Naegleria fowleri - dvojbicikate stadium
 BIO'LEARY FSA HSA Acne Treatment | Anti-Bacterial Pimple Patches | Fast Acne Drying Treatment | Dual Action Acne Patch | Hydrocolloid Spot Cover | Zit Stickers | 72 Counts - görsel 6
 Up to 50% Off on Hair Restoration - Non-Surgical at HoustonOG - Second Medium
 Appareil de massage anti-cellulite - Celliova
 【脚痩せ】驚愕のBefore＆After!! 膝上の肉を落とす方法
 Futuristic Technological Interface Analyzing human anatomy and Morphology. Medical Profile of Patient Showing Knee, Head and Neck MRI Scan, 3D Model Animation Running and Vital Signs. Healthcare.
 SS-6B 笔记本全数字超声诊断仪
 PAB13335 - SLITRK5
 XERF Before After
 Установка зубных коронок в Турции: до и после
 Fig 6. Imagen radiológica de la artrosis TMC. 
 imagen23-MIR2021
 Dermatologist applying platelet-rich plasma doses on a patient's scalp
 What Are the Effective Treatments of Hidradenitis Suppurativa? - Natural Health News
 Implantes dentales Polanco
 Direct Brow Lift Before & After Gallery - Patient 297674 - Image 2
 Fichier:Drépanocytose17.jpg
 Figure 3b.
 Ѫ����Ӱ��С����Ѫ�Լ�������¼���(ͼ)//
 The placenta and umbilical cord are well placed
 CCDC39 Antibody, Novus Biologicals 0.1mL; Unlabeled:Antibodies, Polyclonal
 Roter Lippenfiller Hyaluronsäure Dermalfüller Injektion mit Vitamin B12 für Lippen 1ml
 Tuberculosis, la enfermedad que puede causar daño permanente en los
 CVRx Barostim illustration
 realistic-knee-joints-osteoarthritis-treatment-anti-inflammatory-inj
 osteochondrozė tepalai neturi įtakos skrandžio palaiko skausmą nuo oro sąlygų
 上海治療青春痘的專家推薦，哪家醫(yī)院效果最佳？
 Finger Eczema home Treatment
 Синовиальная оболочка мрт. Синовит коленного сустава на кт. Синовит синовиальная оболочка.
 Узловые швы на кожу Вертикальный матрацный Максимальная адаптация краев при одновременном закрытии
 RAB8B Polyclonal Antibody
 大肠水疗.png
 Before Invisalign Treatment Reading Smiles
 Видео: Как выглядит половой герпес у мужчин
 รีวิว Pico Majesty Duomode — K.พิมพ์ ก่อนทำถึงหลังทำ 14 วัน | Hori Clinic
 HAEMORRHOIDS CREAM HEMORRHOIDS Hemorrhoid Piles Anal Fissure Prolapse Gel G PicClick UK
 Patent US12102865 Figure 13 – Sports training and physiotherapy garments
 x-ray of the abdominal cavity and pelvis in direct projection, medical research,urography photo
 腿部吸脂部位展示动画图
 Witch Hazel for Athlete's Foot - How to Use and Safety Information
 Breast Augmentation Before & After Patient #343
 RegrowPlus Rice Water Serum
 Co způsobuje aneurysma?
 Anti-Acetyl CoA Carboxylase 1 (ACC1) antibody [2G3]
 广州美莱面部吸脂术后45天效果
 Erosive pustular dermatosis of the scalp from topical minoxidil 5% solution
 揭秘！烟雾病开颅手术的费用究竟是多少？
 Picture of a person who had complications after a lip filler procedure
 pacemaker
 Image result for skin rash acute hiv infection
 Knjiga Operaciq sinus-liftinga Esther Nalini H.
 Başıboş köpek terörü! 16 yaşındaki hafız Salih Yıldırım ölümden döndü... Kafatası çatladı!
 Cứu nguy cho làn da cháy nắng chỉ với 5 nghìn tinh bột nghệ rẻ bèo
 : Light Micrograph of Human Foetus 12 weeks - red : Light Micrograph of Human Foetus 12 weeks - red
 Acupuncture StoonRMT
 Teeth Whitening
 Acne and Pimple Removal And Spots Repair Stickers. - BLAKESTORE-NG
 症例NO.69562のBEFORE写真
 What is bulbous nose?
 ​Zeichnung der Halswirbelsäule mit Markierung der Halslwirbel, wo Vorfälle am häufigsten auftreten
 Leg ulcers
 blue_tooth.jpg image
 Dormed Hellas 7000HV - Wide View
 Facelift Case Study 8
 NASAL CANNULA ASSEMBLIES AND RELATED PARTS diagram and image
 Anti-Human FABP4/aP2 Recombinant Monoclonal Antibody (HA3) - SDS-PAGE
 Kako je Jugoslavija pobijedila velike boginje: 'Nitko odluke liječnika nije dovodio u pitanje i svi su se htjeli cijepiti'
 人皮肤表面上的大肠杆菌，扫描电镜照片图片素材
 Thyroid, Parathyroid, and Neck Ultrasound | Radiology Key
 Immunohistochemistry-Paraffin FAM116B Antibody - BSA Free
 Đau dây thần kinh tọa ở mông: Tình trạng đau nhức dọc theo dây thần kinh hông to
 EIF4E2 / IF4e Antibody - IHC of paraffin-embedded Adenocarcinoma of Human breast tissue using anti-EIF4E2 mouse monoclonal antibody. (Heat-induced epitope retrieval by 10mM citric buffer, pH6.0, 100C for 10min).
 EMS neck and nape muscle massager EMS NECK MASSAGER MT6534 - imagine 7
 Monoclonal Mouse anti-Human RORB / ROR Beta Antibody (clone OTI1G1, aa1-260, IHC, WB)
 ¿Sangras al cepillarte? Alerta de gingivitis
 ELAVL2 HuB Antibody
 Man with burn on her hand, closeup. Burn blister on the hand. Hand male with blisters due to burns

···

**Required action**:
In the listing above, find each line with "Polyclonal" and copy it.

**Task response**:
 CCDC39 Antibody, Novus Biologicals 0.1mL; Unlabeled:Antibodies, Polyclonal
 RAB8B Polyclonal Antibody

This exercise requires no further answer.